4. Nella fattispecie la Corte di merito ha ritenuto configurabile la risoluzione per mutuo consenso tacito in considerazione del decorso temporale tra la cessazione di fatto del rapporto e il deposito del ricorso (quasi 4 anni), della breve durata del rapporto medesimo e della contumacia della lavoratrice, che aveva visto accogliersi la domanda nel giudizio di primo grado. Orbene, va premesso che nessuna rilevanza assume la contumacia sul piano probatorio, anche in termini di argomento di prova (cfr. Cass. Sez. 3, Sentenza n. 14860 del 13/06/2013, Rv. 626849; "La disciplina della contumacia ex art. 290 ss cod. proc. civ. non attribuisce a questo istituto alcun significato sul piano probatorio, salva previsione espressa, con la conseguenza che si deve escludere non solo che essa sollevi la controparte dall'onere della prova, ma anche che rappresenti un comportamento valutabile, ai sensi dell'art. 116, primo comma, cod. proc. civ., per trarne argomenti di prova in danno del contumace"). Quanto alle altre circostanze dalle quali è stata desunta la volontà negoziale in ordine allo scioglimento del rapporto, si evidenzia che le stesse difettano dei caratteri di rilevanza e univocità, non potendo essere ritenute sufficienti, in termini di presunzioni rilevanti ex art. 2729 c. 1 c.c., al fine della dimostrazione del sostanziale disinteresse del lavoratore al ripristino del rapporto.

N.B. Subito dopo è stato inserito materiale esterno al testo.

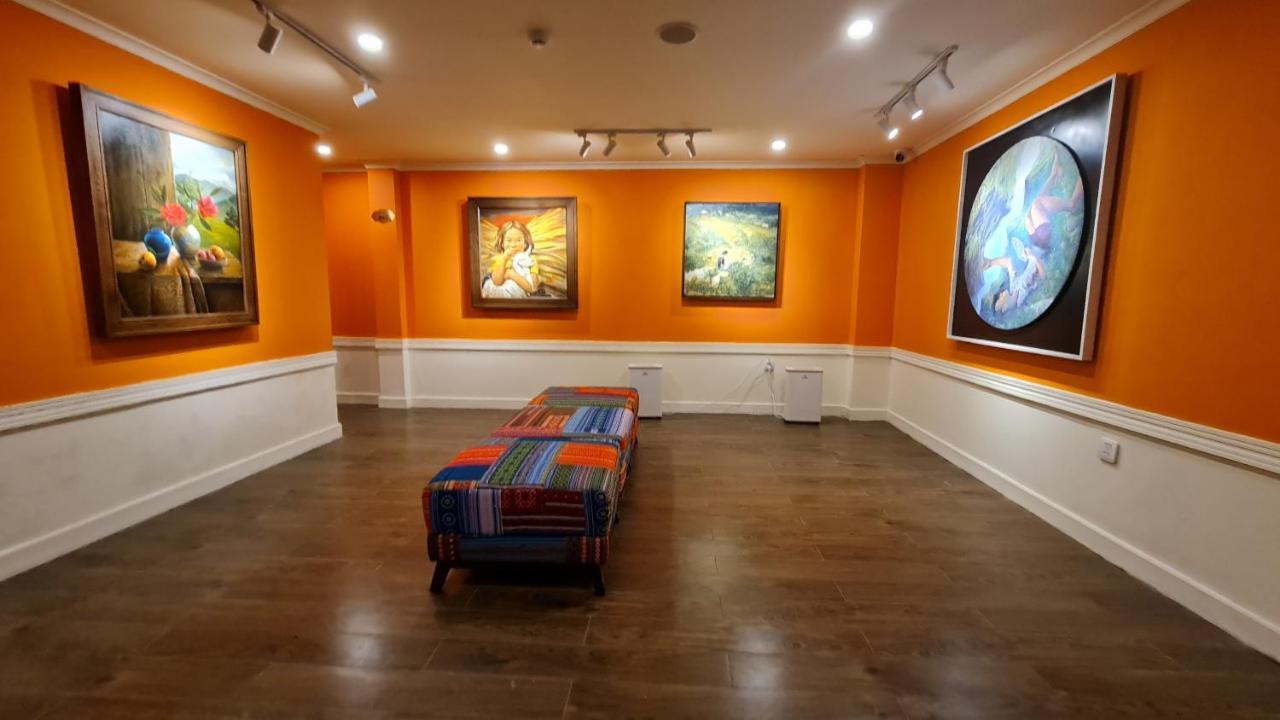 Cat Cat Galerie D'art Hotel *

5. Per tutte le ragioni indicate il ricorso va accolto, con rinvio al giudice del merito che nella decisione della controversia si atterrà al seguente principio di diritto: Nel giudizio instaurato ai fini del riconoscimento della sussistenza di un unico rapporto di lavoro a tempo indeterminato, sul presupposto dell'illegittima apposizione al contratto di un termine finale ormai scaduto, affinché possa configurarsi una risoluzione del rapporto per mutuo consenso, è necessario che sia accertata, non solo sulla base del lasso di tempo trascorso dopo la conclusione dell'ultimo contratto a termine, ma anche del comportamento tenuto dalla parti e di eventuali circostanze significative, una chiara e certa comune volontà delle parti medesime di porre definitivamente fine ad ogni rapporto lavorativo, nel rispetto del sistema delle presunzioni ex art. 2729 c. 1 c.c.

6. La sentenza, pertanto, deve essere cassata, con rinvio alla Corte d'Appello di Roma, in diversa composizione, la quale provvederà anche alla liquidazione delle spese del giudizio di legittimità.

 

P.Q.M.

 

Accoglie il ricorso, cassa la sentenza impugnata e rinvia, anche per le spese del giudizio di legittimità, alla Corte d'appello di Roma, in diversa composizione.